» What is expected
Instruction for the data below: set down exactly the lines from the line with "Duvet (for Double/Queen" to the line with "Justiça suspende prisão", inclusive, and no others.

» Given data

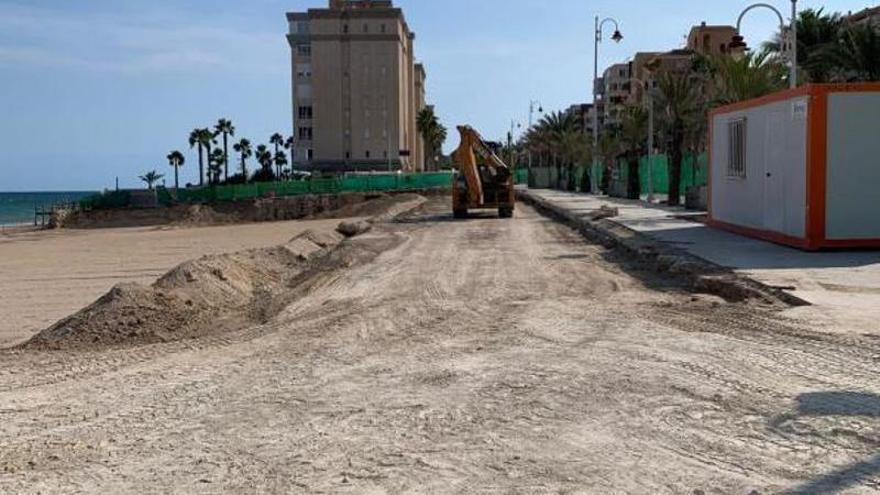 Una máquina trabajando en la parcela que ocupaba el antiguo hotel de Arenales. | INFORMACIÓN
==
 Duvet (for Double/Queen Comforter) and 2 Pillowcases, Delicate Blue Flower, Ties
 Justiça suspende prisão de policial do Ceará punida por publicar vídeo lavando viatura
---
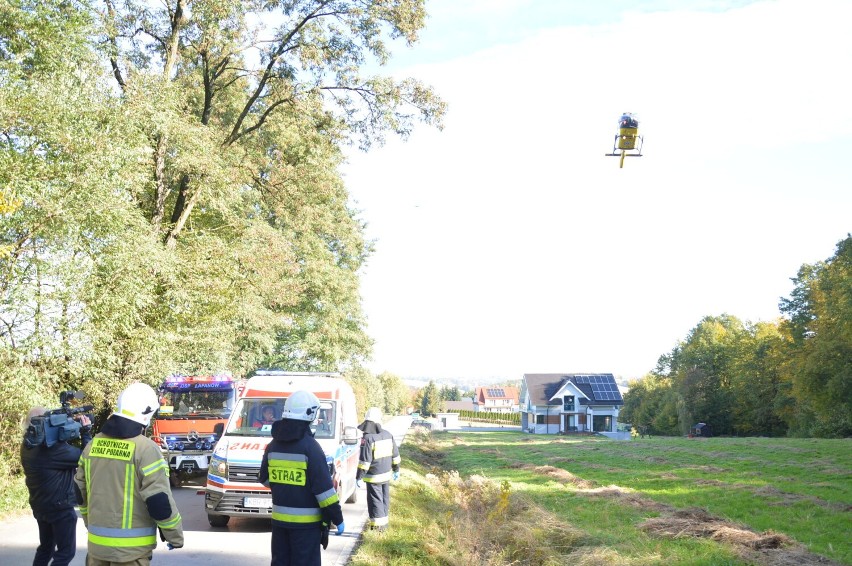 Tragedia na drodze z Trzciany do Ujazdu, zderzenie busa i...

» Solution to this exercise
 Duvet (for Double/Queen Comforter) and 2 Pillowcases, Delicate Blue Flower, Ties
 Justiça suspende prisão de policial do Ceará punida por publicar vídeo lavando viatura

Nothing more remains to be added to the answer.